Loving my Science of Aging supplement in Plastic and Reconstructive Surgery Journal Jan 2021. This is an article about pollution’s affect on the skin. This may seem like a no-duh kind of thing (after surviving the smoke filled summer we had this past year in California, no one could argue that air pollution doesn’t affect your health), but as with all things, understanding it better will help us treat the outcomes better.
There are six common air pollutants recognized by the EPA. They look at particulate matter (PM), which are divided into categories based on size. Air pollution kills an estimated 7 million people worldwide every year. Nine out of ten people breathe air with a high level of pollutants. (Again, for those in the Bay Area, we normally have great air, but this summer we were all addicted to daily checks of the air quality index for months, and wore N-95 masks not for covid but for smoke. You can see how pollution kills).
The journal article, “Inflammasome Activation in Pollution Induced Skin Conditions” starts by talking about air pollutants, and how they hurt a variety of organs: heart, lung, GI, and brain. They were focused here on the affects on the skin.
- premature aging
- psoriasis
- acne
- atopic dermatitis
The skin is a primary barrier to pollution. If your skin is compromised- aging, genetic predispositions, repeated exposure- you may absorb more pollutants. Some of these pollutants trigger a cascade of other factors, some penetrate the skin.

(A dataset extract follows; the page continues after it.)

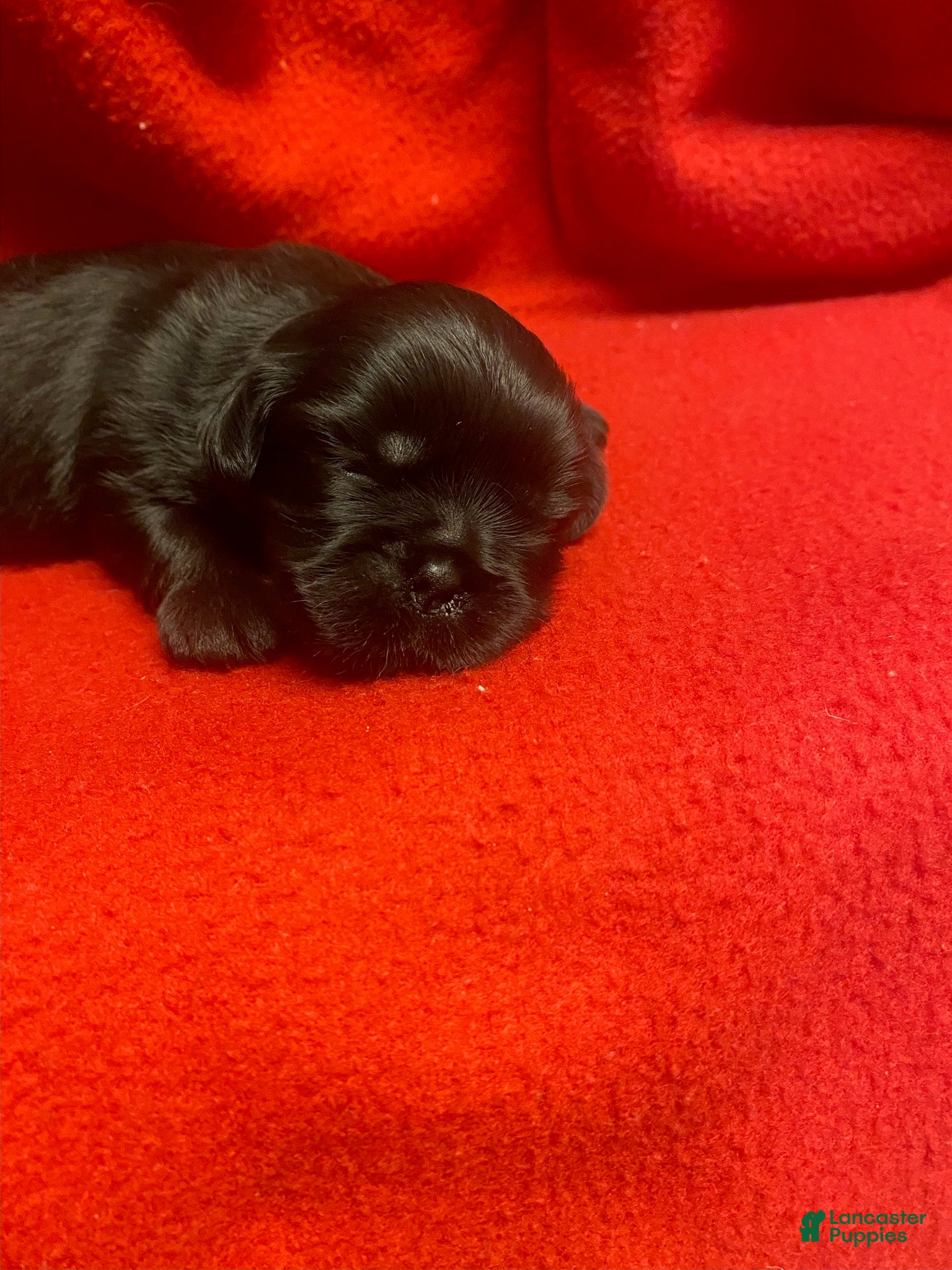 Shih Tzu dogs Baby Boy  - Ad 2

All of these skin issues have inflammation as a common denominator. The activation of an inflammasome (a cytosolic multiprotein complex involved in the inflammatory response) promotes inflammatory cytokines- IL-Ib and IL-18. These IL are needed to fight bad things. But if they are produced in excess, they can lead to inflammatory and autoimmune issues.
Why do we care? If this is the mechanism of the skin issues, figuring out how to block the inflammasome will prevent the whole bad cascade from happening. The tricky part is you don’t want to block all of your immune response, and anything taken systemically could do that. So we know inflammasomes are bad. Inflammasomes are also thought to be associated with MS, Alzheimers, and cardiovascular disease. But some response is good.
There are some things out there which help block some of the inflammasome activation. You have heard of these: metformin, glyburide, dietary omega 3, superoxide dismutase, aloe vera, reservatrol, and curcumin. Some antioxidant topical treatments have shown beneficial effects.
We need to study these. As with all things, there is good and bad. We want to block the OVERproduction of inflammation, but we don’t want to block it completely because then you could be immune compromised. And do we take these systemically? do we put them on as a topical? What dose is good? Are some better for certain people?
What do I think?
Exciting stuff. Science is really helping us look at the body on a molecular level, trying to figure out how to improve our health. I think the folly of many is when reading blogs like this, they rush out and start taking tons of things to fight off those inflammasomes- they take tons of omega and reservatrol and metformin- without thinking about what dose is good, what are the other effects, etc.
We need to understand what the “right” amount of all this is. And it may be that if you live in downtown New York City (dense urban area) your need is different than if you live in outdoorsy bucolic Portola Valley, California.